Input Validation (GTFS)
The pipeline validates GTFS input files during conversion to catch issues early.
Validated GTFS Files
- agency.txt - Agency information
- stops.txt - Stop locations
- routes.txt - Route definitions
- trips.txt - Trip schedules
- stop_times.txt - Stop time sequences
- calendar.txt - Service calendars
- calendar_dates.txt - Calendar exceptions
Validation Checks
Structural Validation
- Required files present: All mandatory GTFS files exist
- File format: Proper CSV format with headers
- Column count: Correct number of columns
- Data types: Valid data types for each field
Referential Integrity
- service_id references: All trip service_ids exist in calendar
- route_id references: All trip route_ids exist in routes
- stop_id references: All stop_times stop_ids exist in stops
- agency_id references: All route agency_ids exist in agency
Data Quality
- Geographic coordinates: Valid latitude/longitude ranges
- Time formats: Proper HH:MM:SS format
- Date ranges: Valid calendar date ranges
- Trip sequences: Proper stop sequence ordering
Business Rules
- Service consistency: Calendar patterns make sense
- Trip coverage: Trips cover reasonable time ranges
- Stop coverage: Stops are properly connected
Output Validation
Validate binary output files to ensure successful conversion:
python -m raptor_pipeline.cli validate --input ./output_directory
Validation Process
- File existence: Check all required files are present
- File sizes: Verify files are not empty
- Magic numbers: Validate binary file headers
- Schema versions: Check version compatibility
- Checksums: Verify file integrity (SHA-256)

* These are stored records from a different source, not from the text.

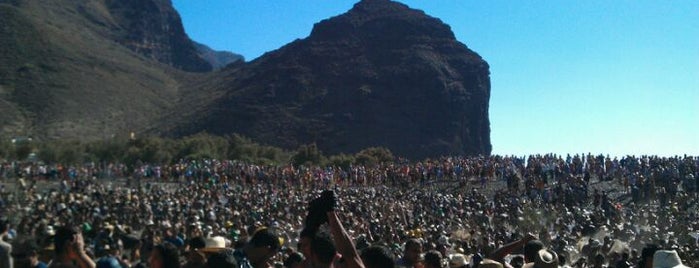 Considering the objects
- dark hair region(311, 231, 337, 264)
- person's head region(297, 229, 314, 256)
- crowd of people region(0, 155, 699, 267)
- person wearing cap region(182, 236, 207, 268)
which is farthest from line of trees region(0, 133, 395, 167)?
dark hair region(311, 231, 337, 264)

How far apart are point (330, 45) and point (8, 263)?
10677 centimetres

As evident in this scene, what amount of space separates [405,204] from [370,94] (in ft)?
206

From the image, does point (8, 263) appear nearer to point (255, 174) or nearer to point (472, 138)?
point (255, 174)

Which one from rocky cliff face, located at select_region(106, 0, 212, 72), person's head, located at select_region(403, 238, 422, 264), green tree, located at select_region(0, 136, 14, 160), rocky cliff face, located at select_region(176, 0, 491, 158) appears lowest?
person's head, located at select_region(403, 238, 422, 264)

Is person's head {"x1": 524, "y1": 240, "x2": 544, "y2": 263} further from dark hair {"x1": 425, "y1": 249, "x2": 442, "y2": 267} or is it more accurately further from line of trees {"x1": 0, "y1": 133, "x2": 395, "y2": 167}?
line of trees {"x1": 0, "y1": 133, "x2": 395, "y2": 167}

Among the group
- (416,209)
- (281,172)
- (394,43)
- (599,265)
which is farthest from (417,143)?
(599,265)

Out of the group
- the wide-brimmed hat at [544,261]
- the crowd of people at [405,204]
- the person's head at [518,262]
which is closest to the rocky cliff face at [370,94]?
the crowd of people at [405,204]

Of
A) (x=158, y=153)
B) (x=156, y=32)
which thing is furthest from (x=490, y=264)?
(x=156, y=32)

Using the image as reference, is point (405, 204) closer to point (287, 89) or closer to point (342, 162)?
point (342, 162)

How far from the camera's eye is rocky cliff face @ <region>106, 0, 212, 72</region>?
5827 inches

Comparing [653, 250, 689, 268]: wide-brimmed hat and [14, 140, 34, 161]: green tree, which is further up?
[14, 140, 34, 161]: green tree

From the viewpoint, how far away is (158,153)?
190 feet

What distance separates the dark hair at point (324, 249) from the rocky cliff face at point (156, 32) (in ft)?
469

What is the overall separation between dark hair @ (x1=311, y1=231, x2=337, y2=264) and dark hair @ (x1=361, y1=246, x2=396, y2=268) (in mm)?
299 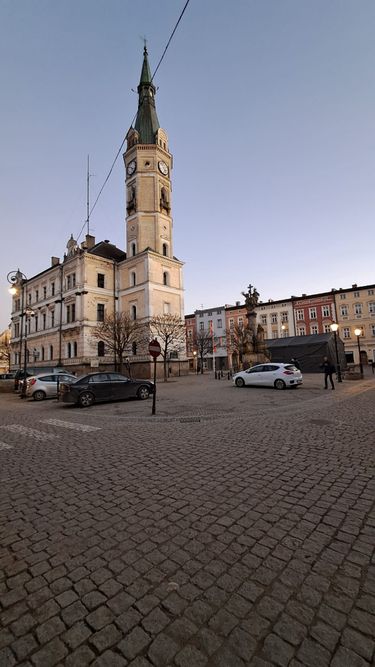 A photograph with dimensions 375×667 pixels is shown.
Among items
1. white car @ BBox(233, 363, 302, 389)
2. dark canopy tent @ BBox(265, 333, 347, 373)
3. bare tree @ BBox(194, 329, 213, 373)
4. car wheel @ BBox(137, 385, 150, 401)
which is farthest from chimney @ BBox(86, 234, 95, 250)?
car wheel @ BBox(137, 385, 150, 401)

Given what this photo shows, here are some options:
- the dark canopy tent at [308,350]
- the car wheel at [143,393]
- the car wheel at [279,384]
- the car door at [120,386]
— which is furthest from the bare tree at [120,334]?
the car wheel at [279,384]

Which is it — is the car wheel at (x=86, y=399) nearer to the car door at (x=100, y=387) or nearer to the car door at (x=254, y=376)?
the car door at (x=100, y=387)

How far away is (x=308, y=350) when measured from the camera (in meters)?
34.8

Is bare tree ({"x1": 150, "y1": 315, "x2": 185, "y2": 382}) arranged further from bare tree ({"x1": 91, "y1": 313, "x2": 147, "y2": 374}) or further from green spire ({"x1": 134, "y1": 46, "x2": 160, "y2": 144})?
green spire ({"x1": 134, "y1": 46, "x2": 160, "y2": 144})

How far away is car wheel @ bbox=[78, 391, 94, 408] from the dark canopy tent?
2726cm

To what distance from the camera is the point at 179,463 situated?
203 inches

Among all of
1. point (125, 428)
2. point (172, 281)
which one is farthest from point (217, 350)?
point (125, 428)

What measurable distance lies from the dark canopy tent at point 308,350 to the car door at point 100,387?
26.4 m

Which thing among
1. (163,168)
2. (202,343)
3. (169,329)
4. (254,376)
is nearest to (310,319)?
(202,343)

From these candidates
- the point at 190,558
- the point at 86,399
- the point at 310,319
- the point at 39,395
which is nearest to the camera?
the point at 190,558

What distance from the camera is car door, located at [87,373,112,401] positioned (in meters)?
13.9

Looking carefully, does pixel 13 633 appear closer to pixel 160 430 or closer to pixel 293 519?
pixel 293 519

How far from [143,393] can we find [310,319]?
53.7m

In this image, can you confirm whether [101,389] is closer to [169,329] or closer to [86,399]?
[86,399]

- Index consistency: Validate index structures
- Cross-references: Check internal data consistency
Validation Output
# Successful validation
python -m raptor_pipeline.cli validate --input ./good_output
# Validation successful!
# Stats: {'stops': 1234, 'routes': 56, 'trips': 7890}
# Failed validation
python -m raptor_pipeline.cli validate --input ./bad_output
# Validation failed with 3 errors:
# - Missing file: routes.bin
# - Invalid magic number in stops.bin
# - Checksum mismatch for index.bin
Validation Report Structure
{
"valid": true,
"schema_version": 2,
"timestamp": "2024-12-06T14:30:00.123456",
"input_path": "./output_directory",
"files": {
"routes.bin": {
"exists": true,
"size": 1234567,
"magic_valid": true,
"schema_version": 2,
"checksum_valid": true,
"checksum": "a1b2c3..."
},
"stops.bin": {
"exists": true,
"size": 890123,
"magic_valid": true,
"schema_version": 2,
"checksum_valid": true,
"checksum": "d4e5f6..."
},
"index.bin": {
"exists": true,
"size": 456789,
"magic_valid": true,
"schema_version": 1,
"checksum_valid": true,
"checksum": "789abc..."
},
"manifest.json": {
"exists": true,
"valid_json": true,
"schema_version": 2
}
},
"stats": {
"stops": 1234,
"routes": 56,
"trips": 7890,
"stop_times": 123456,
"transfers": 4567
},
"warnings": [
"Index schema version 1 is older than current version 2"
],
"errors": [],
"validation_time": 0.456
}
Common Validation Issues
Input GTFS Issues
Missing required files
Error: Missing required GTFS file: calendar.txt
Solution: Ensure your GTFS feed has all required files
Invalid references
Error: Trip with service_id='HOLIDAY' references non-existent service
Solution: Check calendar.txt and calendar_dates.txt
Invalid coordinates
Error: Stop 'DOWNTOWN' has invalid coordinates (lat=999, lon=999)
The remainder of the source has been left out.